● Task material
※ ※ ※
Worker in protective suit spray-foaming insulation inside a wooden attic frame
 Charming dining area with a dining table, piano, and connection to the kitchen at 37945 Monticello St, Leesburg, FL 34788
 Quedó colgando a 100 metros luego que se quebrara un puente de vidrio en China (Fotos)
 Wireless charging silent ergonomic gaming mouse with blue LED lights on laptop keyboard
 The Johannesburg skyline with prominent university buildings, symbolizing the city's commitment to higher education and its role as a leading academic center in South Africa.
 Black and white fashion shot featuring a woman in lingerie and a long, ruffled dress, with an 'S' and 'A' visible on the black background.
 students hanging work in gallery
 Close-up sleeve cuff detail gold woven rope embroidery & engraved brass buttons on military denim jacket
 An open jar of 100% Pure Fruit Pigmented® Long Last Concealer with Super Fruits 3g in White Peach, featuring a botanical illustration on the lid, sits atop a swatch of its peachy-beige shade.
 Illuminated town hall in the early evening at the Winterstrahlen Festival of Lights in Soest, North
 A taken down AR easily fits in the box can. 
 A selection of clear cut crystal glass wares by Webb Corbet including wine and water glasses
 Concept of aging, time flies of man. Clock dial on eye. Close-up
※ ※ ※
● Assigned task
Repeat the line containing "Wireless charging silent" and all subsequent lines through the final line of the data, exactly and with no others.

● Your solution
 Wireless charging silent ergonomic gaming mouse with blue LED lights on laptop keyboard
 The Johannesburg skyline with prominent university buildings, symbolizing the city's commitment to higher education and its role as a leading academic center in South Africa.
 Black and white fashion shot featuring a woman in lingerie and a long, ruffled dress, with an 'S' and 'A' visible on the black background.
 students hanging work in gallery
 Close-up sleeve cuff detail gold woven rope embroidery & engraved brass buttons on military denim jacket
 An open jar of 100% Pure Fruit Pigmented® Long Last Concealer with Super Fruits 3g in White Peach, featuring a botanical illustration on the lid, sits atop a swatch of its peachy-beige shade.
 Illuminated town hall in the early evening at the Winterstrahlen Festival of Lights in Soest, North
 A taken down AR easily fits in the box can. 
 A selection of clear cut crystal glass wares by Webb Corbet including wine and water glasses
 Concept of aging, time flies of man. Clock dial on eye. Close-up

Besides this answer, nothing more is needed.